In this case, people were invited to stand in front of a TV screen playing muted campaign speech footage of Trump. After being directed to mimic Trump’s gestures and arm movements, they slipped on headphones connected to a small, smooth black oval that is known as a Leap Motion Controller that is placed on the table in front of them. This device tracks hand and figure movements, inputs this data to a midi keyboard connected to the music-making software Max Msp, and generates sound based on the movements it senses. The idea behind this was to let the body language speak for itself: and speak it did.

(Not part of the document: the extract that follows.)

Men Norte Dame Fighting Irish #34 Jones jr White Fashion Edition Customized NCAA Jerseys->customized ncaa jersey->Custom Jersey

All of this technology produced a waterfall of jarring noises and oftentimes sounded as if a child was banging their hands on a synthesizer or a toy xylophone. It wasn’t pretty, but it was definitely a fascinating experience to “hear” the hands if a somewhat uncomfortable one to be imitating Trump at some of his most infamous moments.

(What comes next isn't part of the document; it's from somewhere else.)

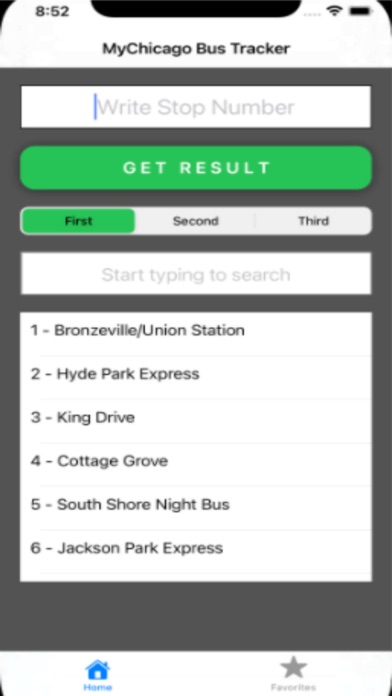 MyChicago Bus Tracker Screenshot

This was actually the second part of Song’s “Opinions” project. The first part of the project involved Song interviewing everyday people about topics such as food, holidays, politics, and pets. The movements of their hands were recorded over an Arduino, a physical computing kit that Song coded in conjunction with light sensors to sense when the light was being blocked by the hand movements above it. It was then placed in a box with holes to accommodate the sensors. This device also used Max MSP to generate sounds. However, being a less advanced device than the Leap Motion Controller, the noises it created were “a bit binary” and do sound similar between interviews and videos.

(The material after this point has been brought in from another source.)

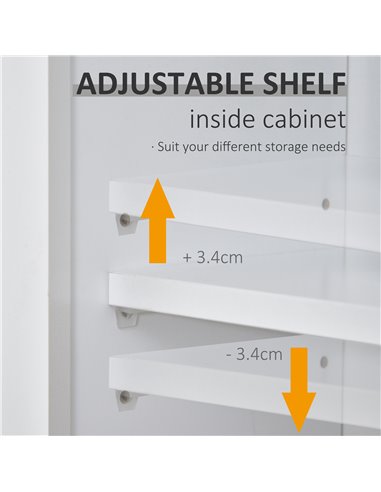 Kleankin Bathroom Wall Mount Cabinet with Mirror, Adjustable Shelf, White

The idea behind Song’s project was to draw attention to all the communication that we do nonverbally, especially with our hands, and how that “sounds.” During an email correspondence after the Festival, Song added that she wanted this project, “to inspire people to think from another perspective (i.e. the ‘hands’ opinions’) because from my point of view, social issues are quite related to perspectives on different people. To understand what the hands’ opinions are is like thinking from other’s perspective and trying to… understand them, which is like having empathy towards other people in the society.” Although my part of the experience itself was short, the concept is intriguing to me and does have a support in psychological and sociological concepts and research.